A Quantitative Approach to Diagnosing Heart Transplant Rejection
The gold standard for monitoring organ rejection in heart transplant patients is the histopathological analysis of endomyocardial biopsies . A pathologist visually inspects the tissue for signs of rejection, such as the infiltration of immune cells (lymphocytes) that attack the new heart muscle. While effective, this process can be subjective and time-consuming . Digital pathology and artificial intelligence offer an opportunity to make this analysis more objective, reproducible, and quantitative .
This study aimed to create a robust, AI-powered method for this exact purpose. The primary goal was to optimize and validate our BIAS software to recognize and separate individual cell nuclei and tissue structures in digitized biopsy slides . The BIAS-driven workflow was designed to transform a visual assessment into a set of precise measurements.

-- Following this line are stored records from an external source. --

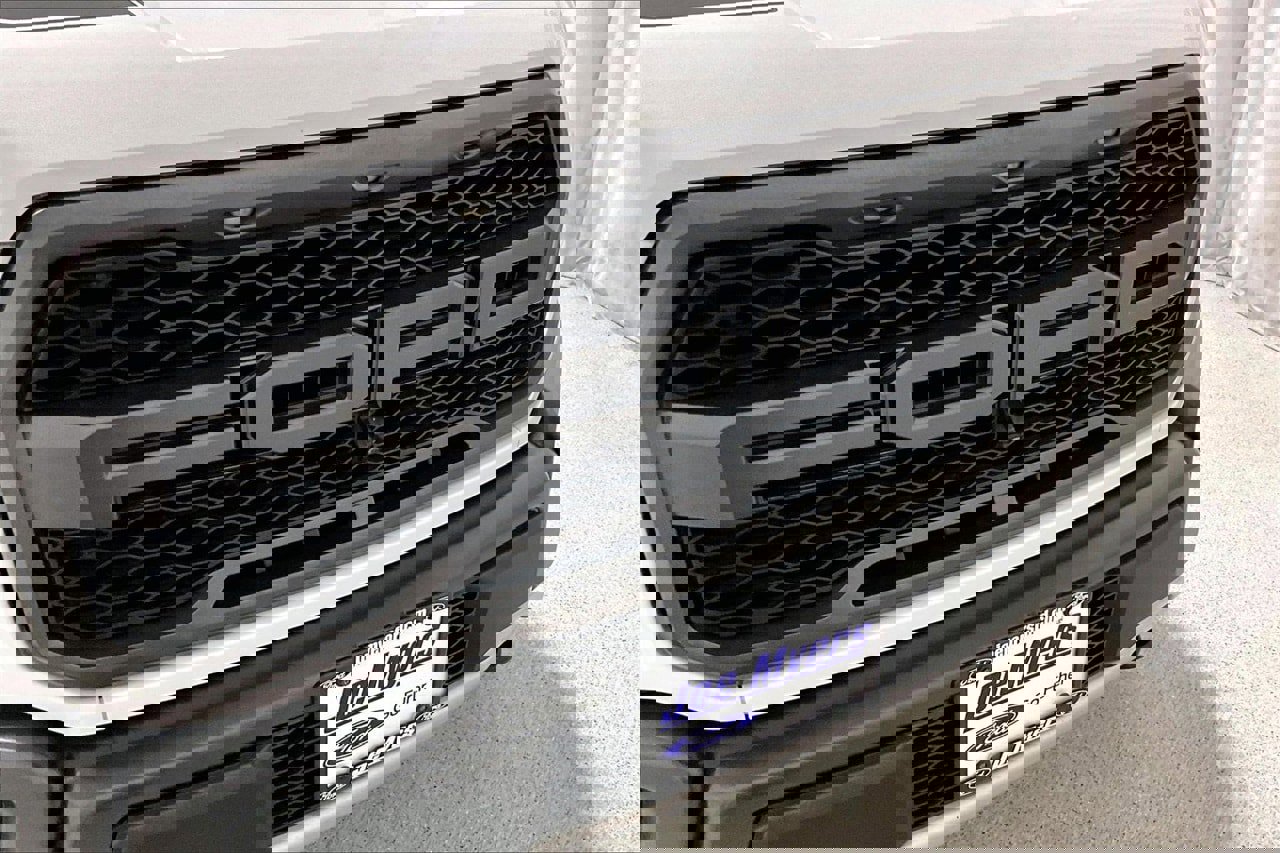 Used 2019 Ford F150 Raptor w/ Equipment Group 802A Luxury image 30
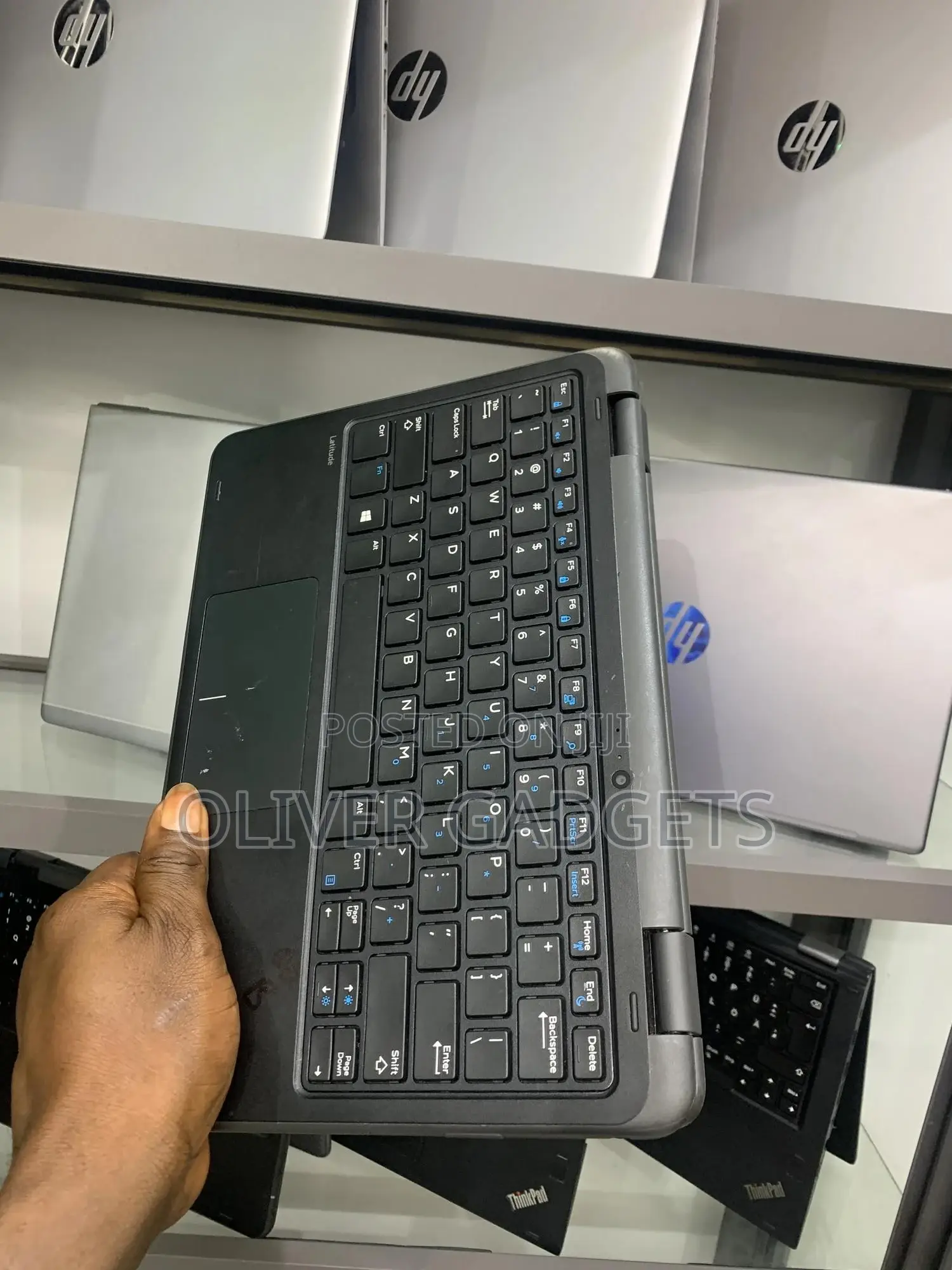 Laptop Dell Latitude 3189 8GB Intel SSD 128GB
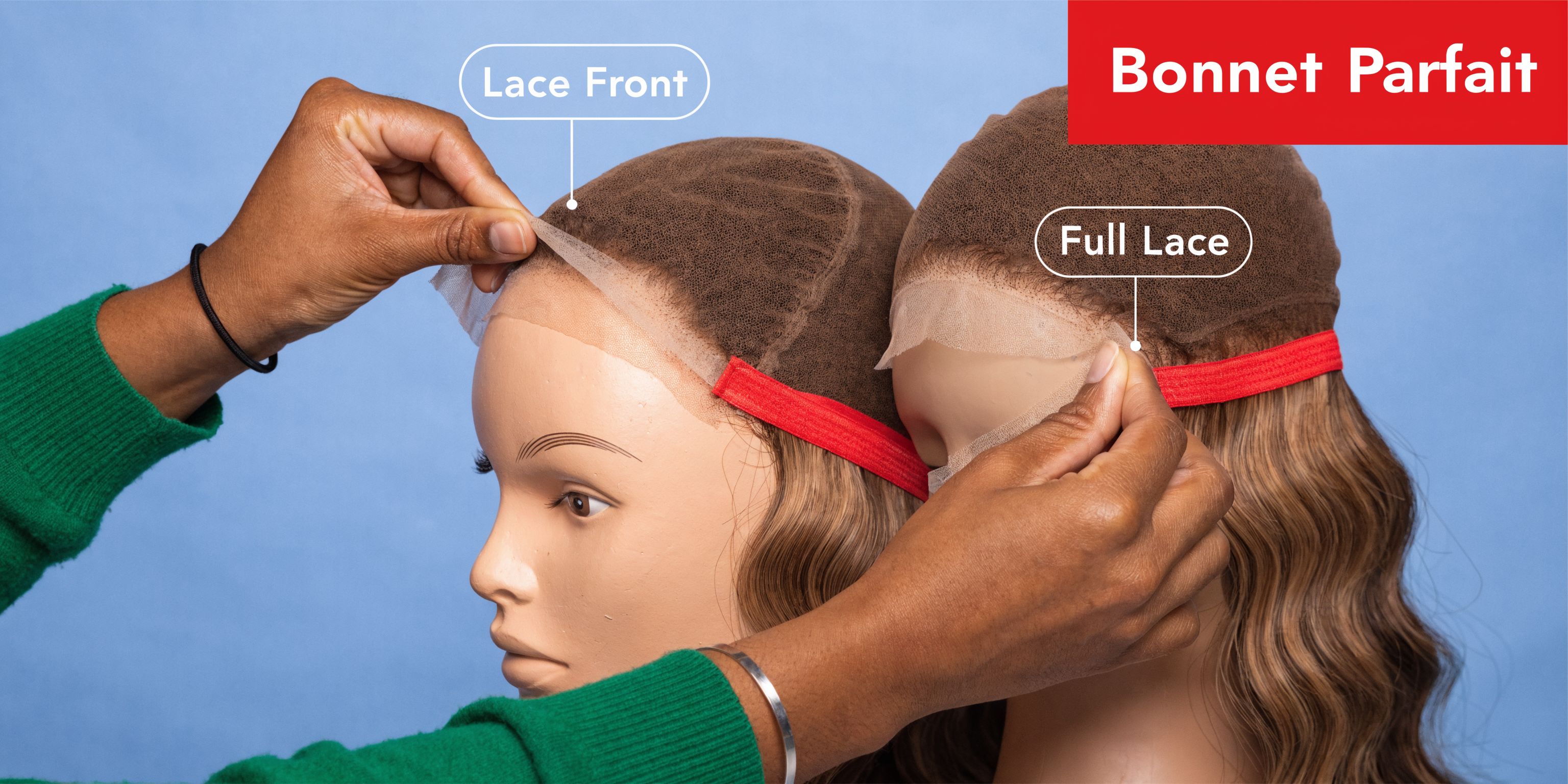Deux têtes de mannequin présentant les différences entre une perruque lace front et une perruque full lace.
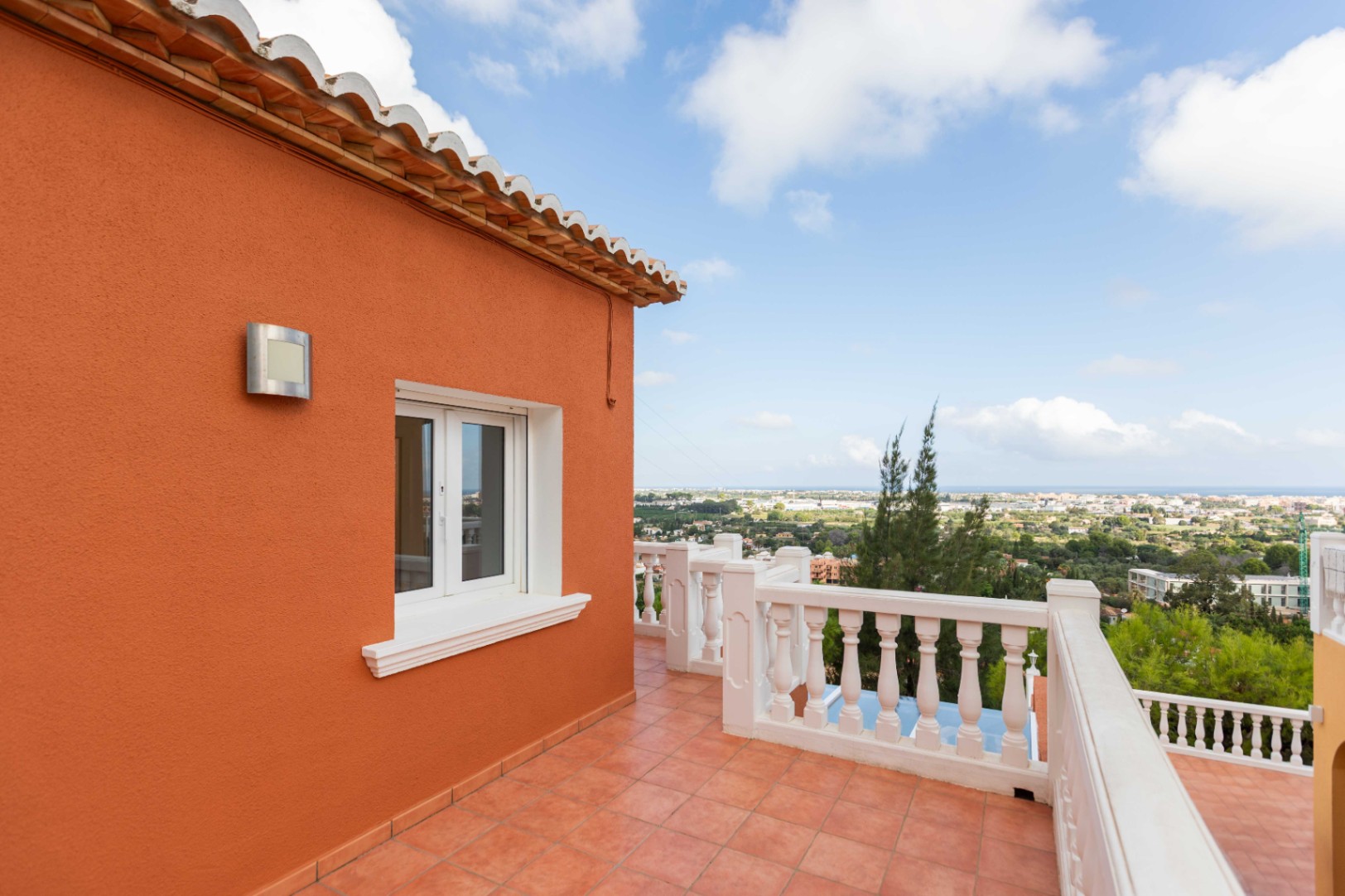 Casa con tres dormitorios en venta en Denia, La Pedrera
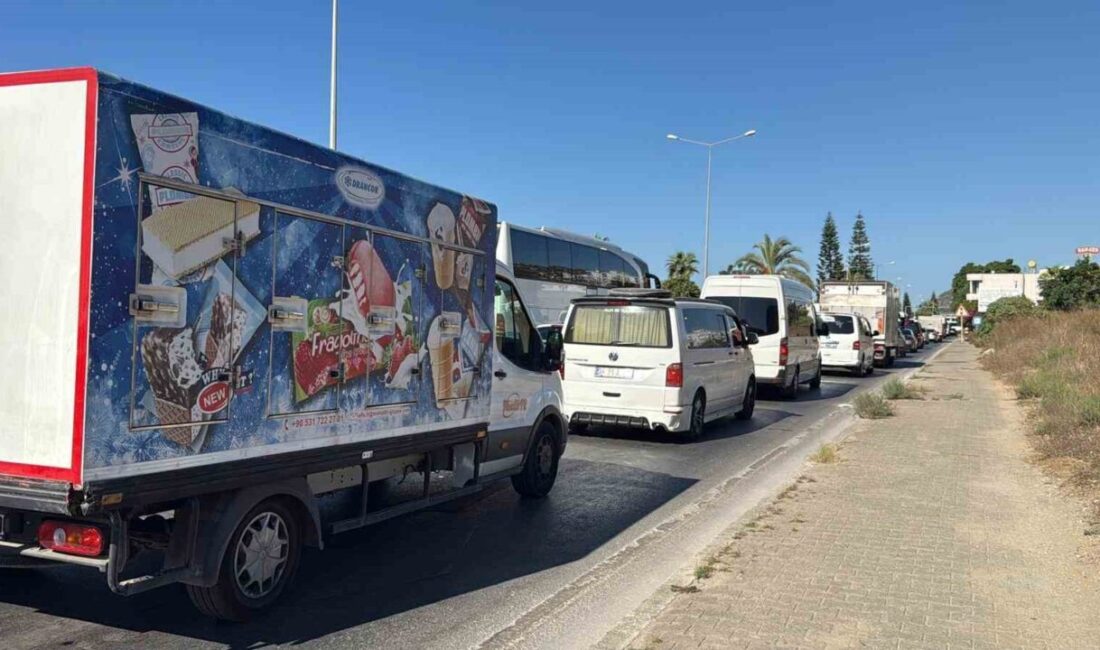 Antalya’nın Alanya ilçesinde tüneller mevkiinde sabah saatlerinde meydana gelen zincirleme
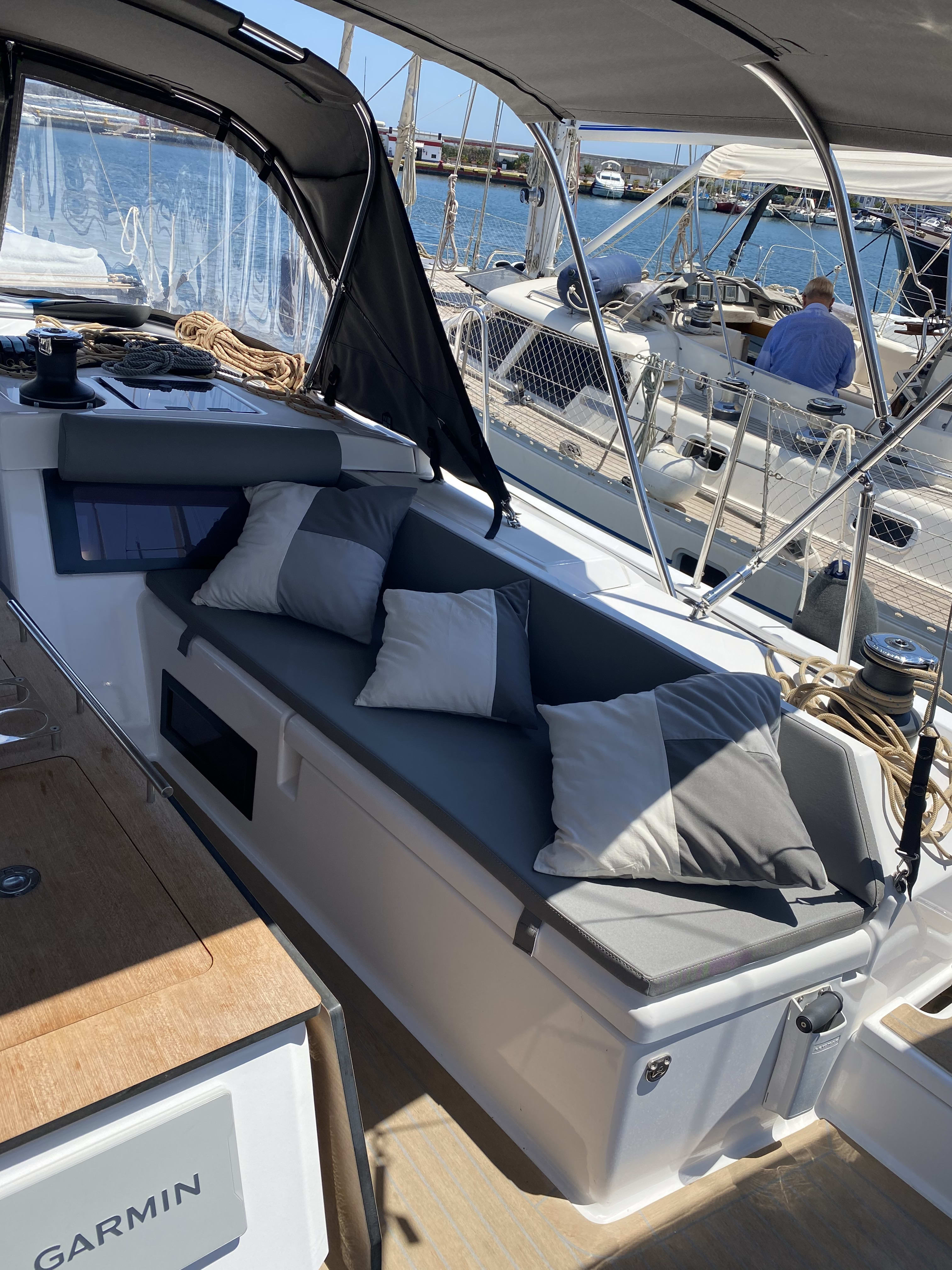 Sama 1 Dufour 470 vor Anker in La Cala (Porto Palermo)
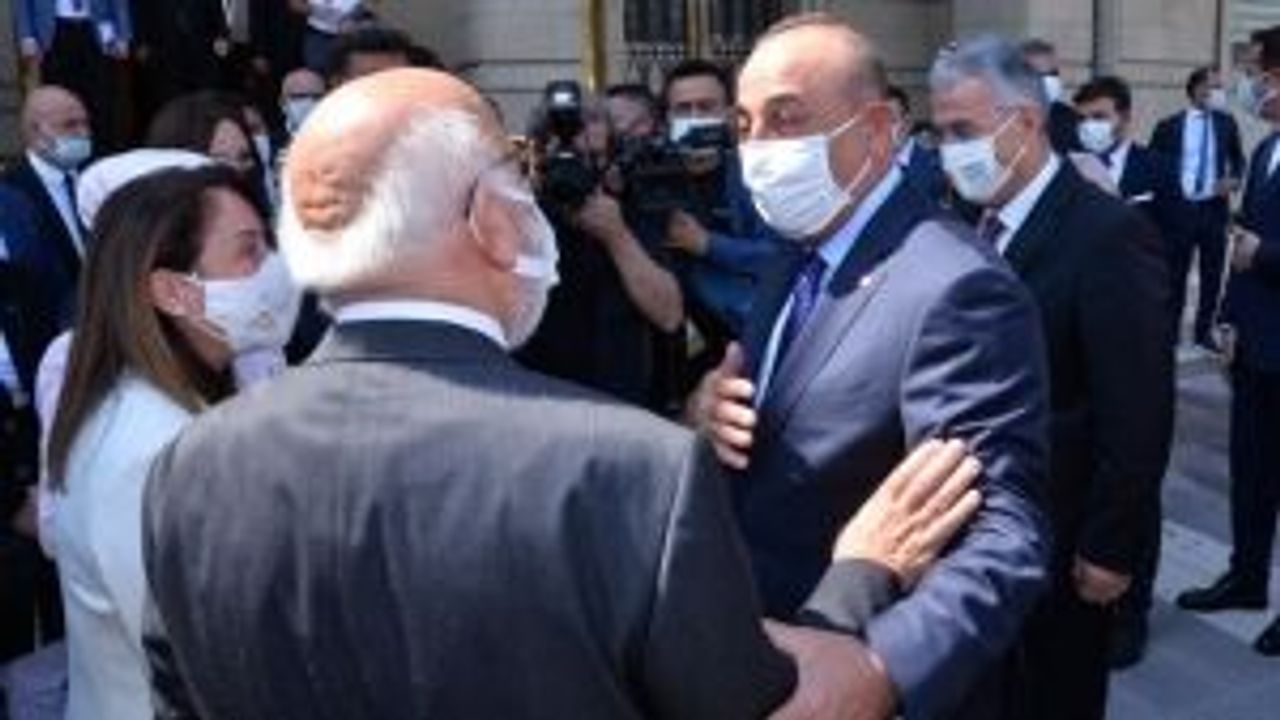 Bakan Çavuşoğlu Eskişehir'de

Researchers used hematoxylin-eosin-stained biopsy samples from patients experiencing different grades of acute cellular rejection: Grade 0 (no rejection), Grade 1 (mild), and Grade 2 (moderate) . After digitizing the slides, they trained BIAS using manually annotated images to reliably identify different cell types—specifically lymphocytes and heart muscle cells (myocytes)—as well as connective tissue and edema .
The results of the automated analysis were definitive:
- Lymphocyte Density: BIAS confirmed that as the grade of rejection increased, the density of lymphocytes in the heart tissue rose significantly. The average density went from 127/mm² in non-rejection cases to 324/mm² in mild rejection and 687/mm² in moderate rejection .
- Cell Proximity: The software measured the distances between cells, a parameter not used in traditional grading but highly relevant to the rejection process. It found that as rejection worsened, the average distance between individual lymphocytes decreased, indicating they were forming denser clusters .
- Myocyte-Lymphocyte Distance: Most importantly, BIAS quantified the distance between the attacking lymphocytes and the target myocytes. In non-rejection cases, lymphocytes were significantly farther from the heart muscle cells than in cases with mild or moderate rejection .
This study successfully demonstrates that our BIAS software can provide an objective, quantitative analysis of heart transplant biopsies . By measuring parameters like cell density and intercellular distances, the software offers pathologists powerful new data to support their diagnoses. This complex digital image analysis is a promising tool for improving the evaluation and prediction of organ rejection, ultimately aiding in clinical decisions and improving patient care.